--- START ---

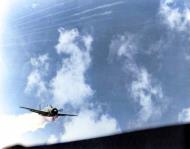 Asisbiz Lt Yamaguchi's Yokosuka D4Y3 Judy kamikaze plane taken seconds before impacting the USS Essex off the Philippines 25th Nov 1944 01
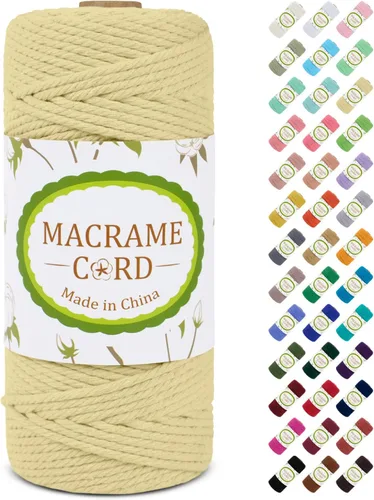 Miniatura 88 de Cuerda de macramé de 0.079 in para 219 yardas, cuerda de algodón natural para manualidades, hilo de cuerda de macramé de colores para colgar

--- END ---
--- START ---

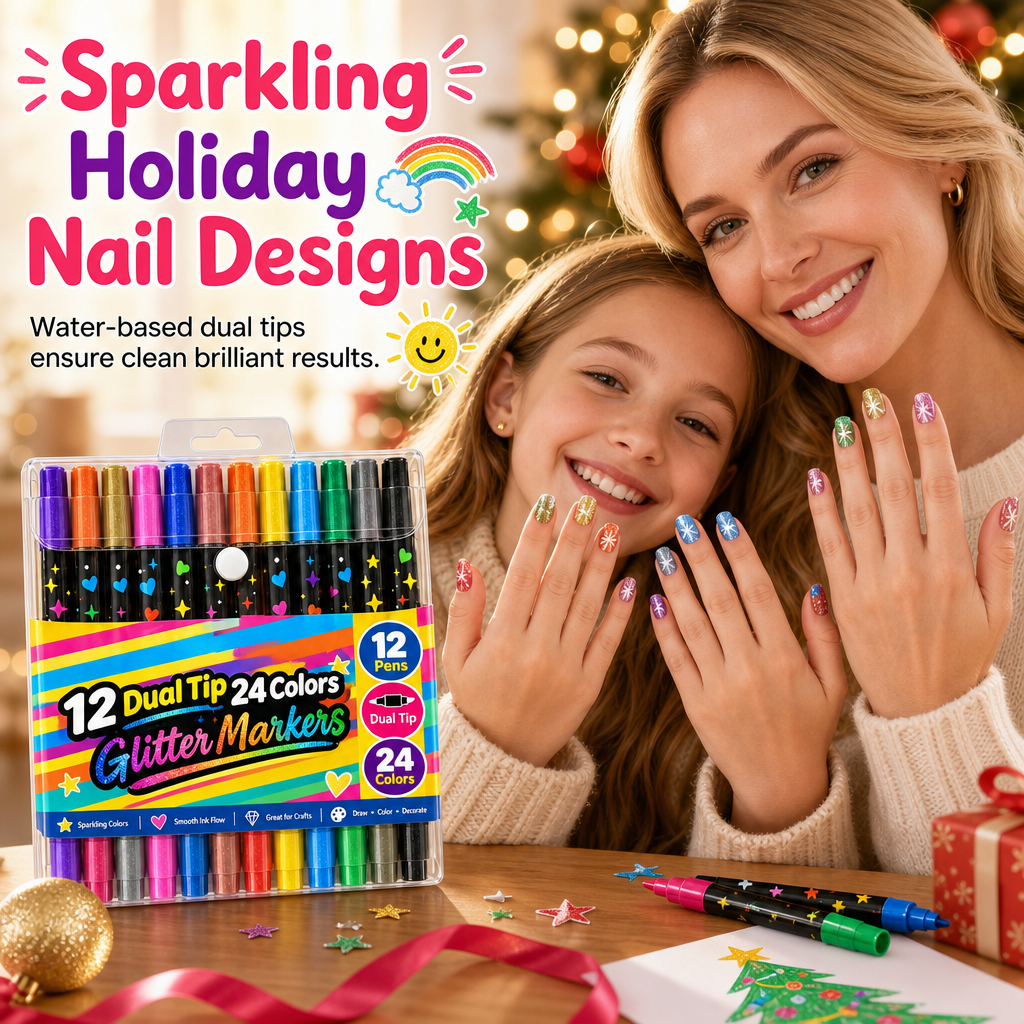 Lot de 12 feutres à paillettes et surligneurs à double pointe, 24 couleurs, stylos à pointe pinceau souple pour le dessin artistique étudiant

--- END ---
--- START ---

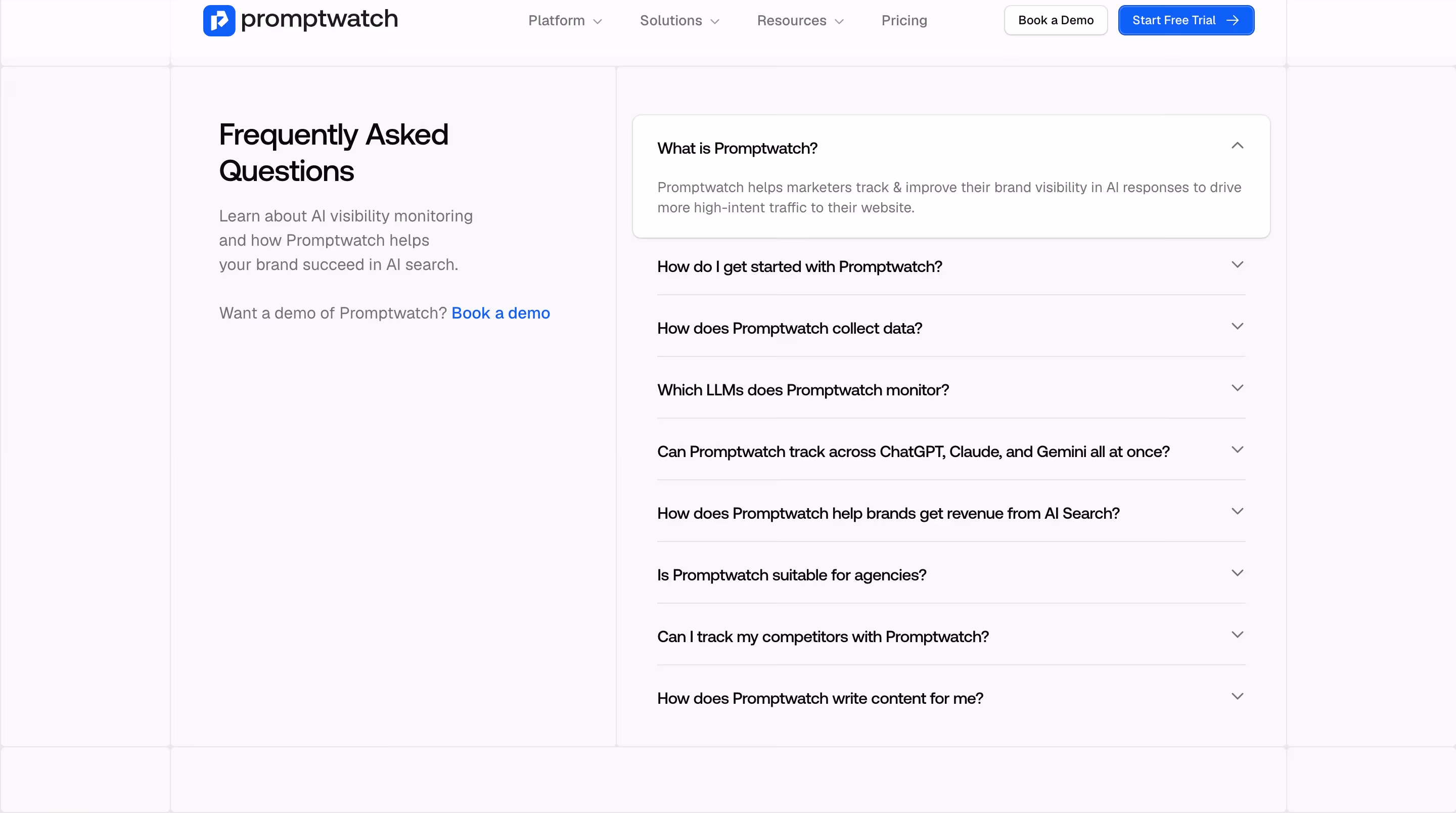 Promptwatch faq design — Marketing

--- END ---

* [WHAT IS REQUIRED]:
Beginning with the line above that contains "Asisbiz Lt Yamaguchi's" and finishing with the line that contains "Miniatura 88 de", print those lines exactly and only. Skip all pictures.

* [TASK OUTPUT]:
 Asisbiz Lt Yamaguchi's Yokosuka D4Y3 Judy kamikaze plane taken seconds before impacting the USS Essex off the Philippines 25th Nov 1944 01
 Miniatura 88 de Cuerda de macramé de 0.079 in para 219 yardas, cuerda de algodón natural para manualidades, hilo de cuerda de macramé de colores para colgar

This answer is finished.